The best thing you can do to ensure a correct probiotic intake is to eat a balanced diet and probiotic-rich fermented foods as well as taking a supplements containing a broad-spectrum probiotic. Make sure you’re filling up your gut with fiber-rich fruits and vegetables, lean protein, healthy fats and lacto-fermented wholefoods (like kefir, sauerkraut and kimchi) to promote microbial diversity and feed your microbiome.
Prebiotics:
Prebiotics are a type of fiber that act as food for bacteria to support proliferation of our good gut bacteria.
You can find prebiotics in foods like onions, garlic, leeks, asparagus, oats and apples.

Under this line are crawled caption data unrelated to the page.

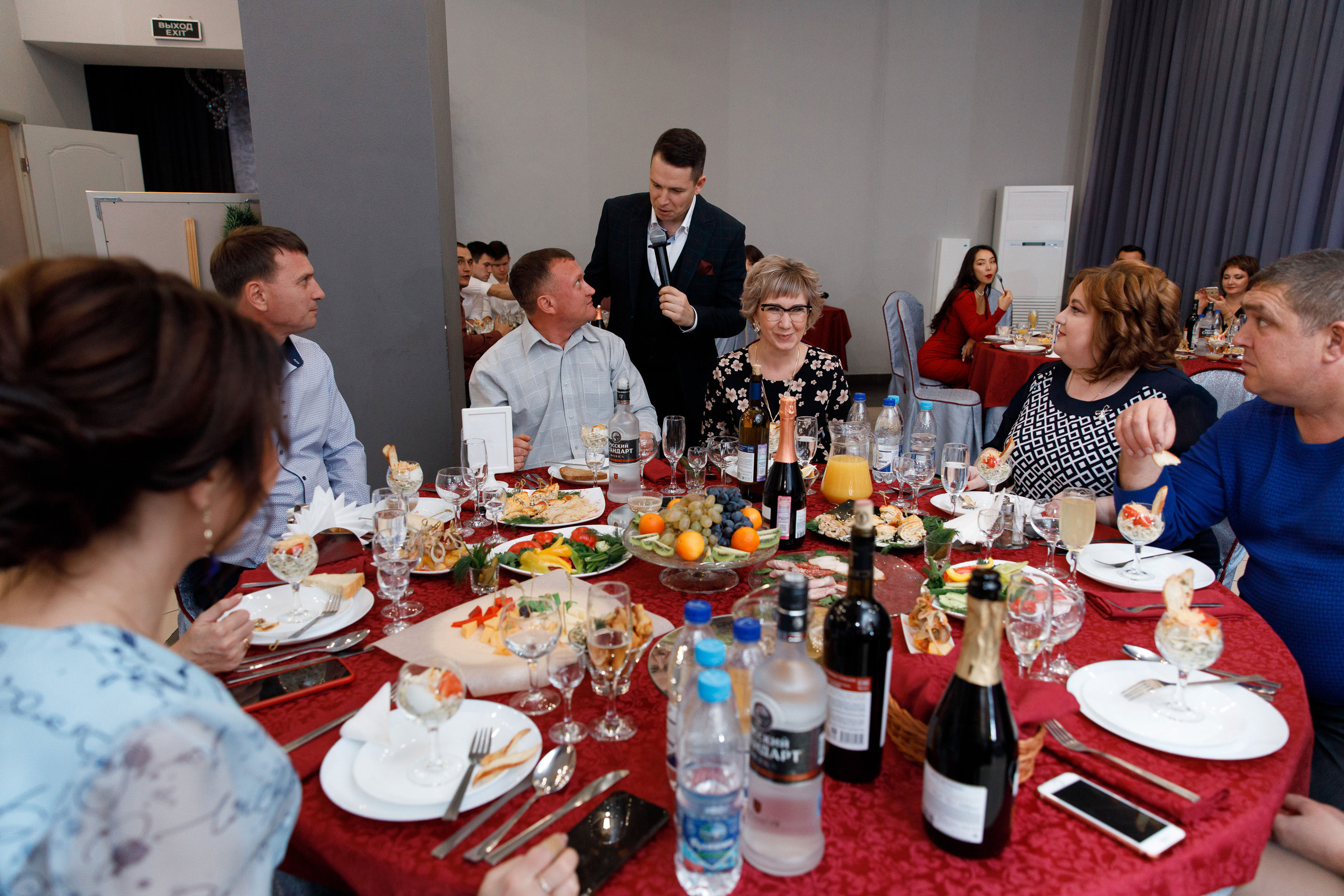 Банкет. Свадебный, семейный и школьный фотограф в Сызрани Максим Баталов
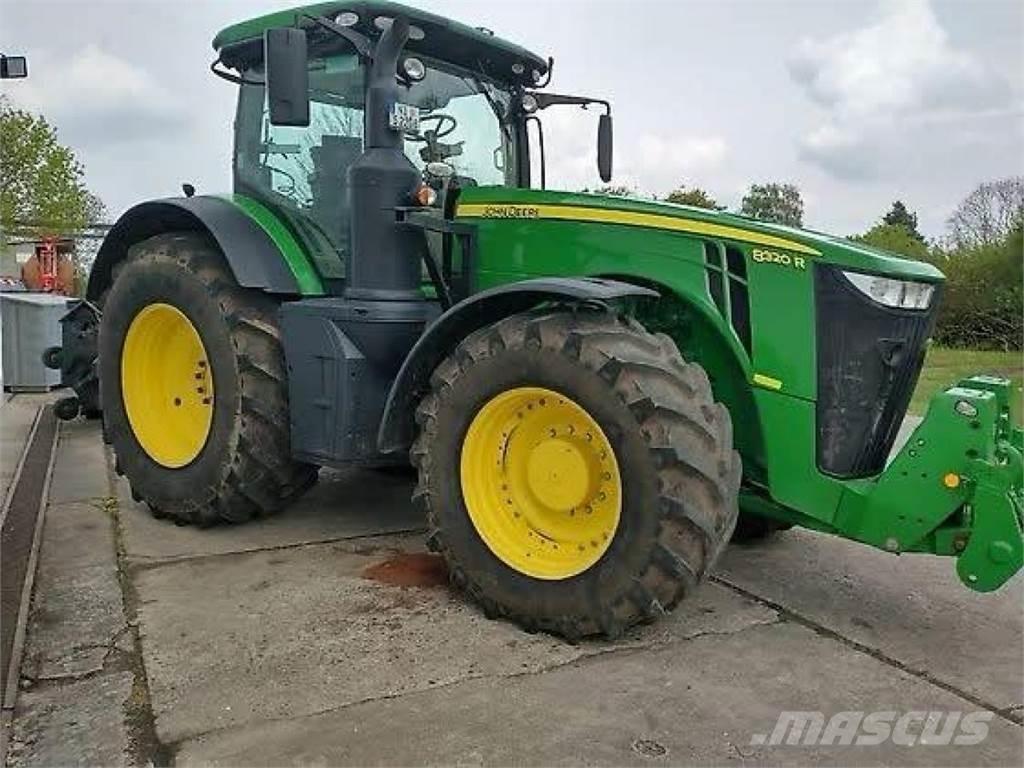 John Deere 8320R الجرارات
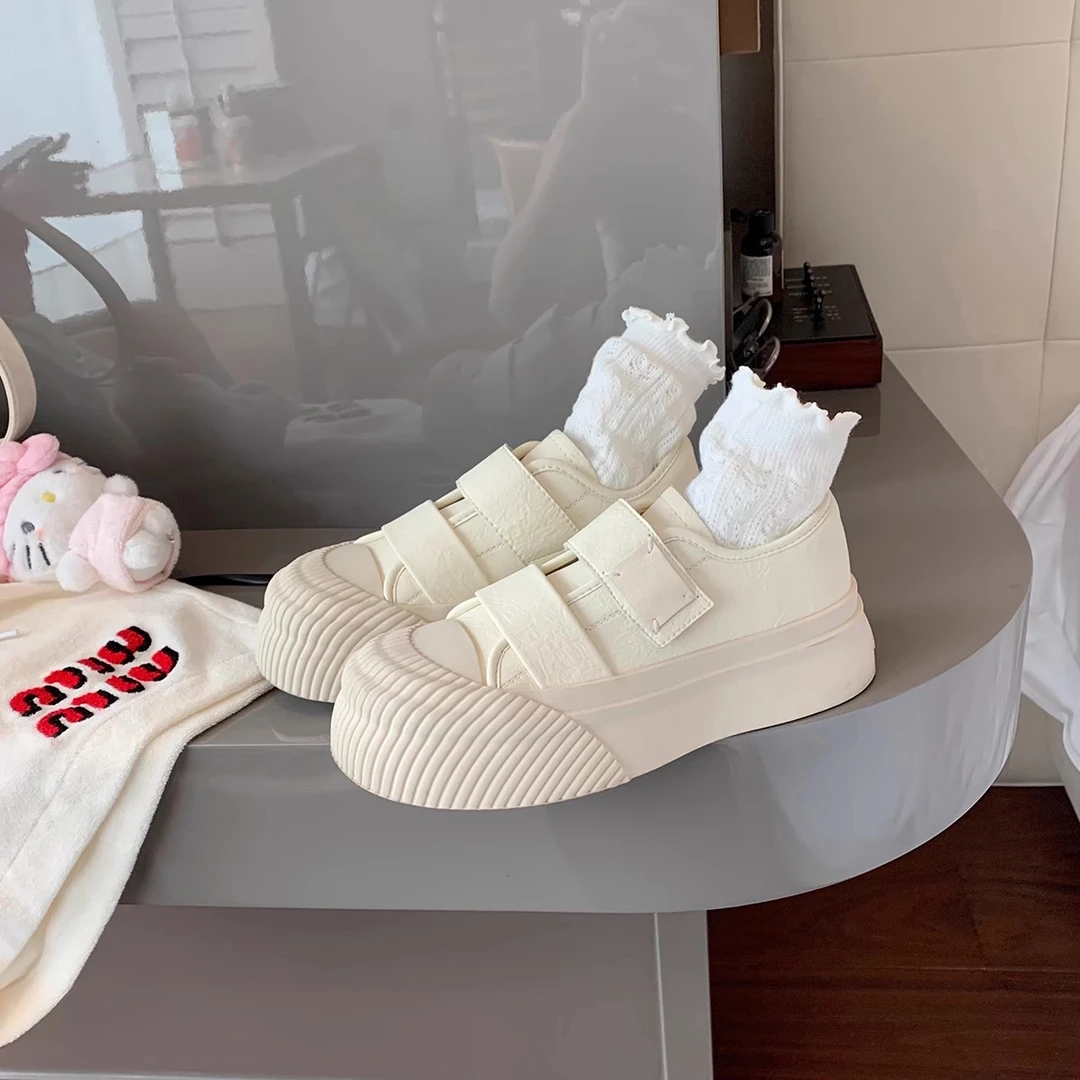 【茵茵家】软萌萌~懒人魔术贴百搭小白鞋圆头增高厚底饼干鞋女春秋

By consuming fiber daily, your gut microbes ferment the fiber as they feed on it—this creates anti-inflammatory compounds called short chain fatty acids that are essential for skin health, metabolic health, brain health and immune health.
Timings:
Some research shows it could take around four weeks to experience health improvements after starting a probiotic, but everybody is different, so this timeline could vary widely from person to person.
Takeaways:
Incorporating a fiber-rich, nutrient-dense diet, and supporting your mental, emotional and spiritual wellness can all help improve your gut and skin. The key is to look at wellness from a holistic level.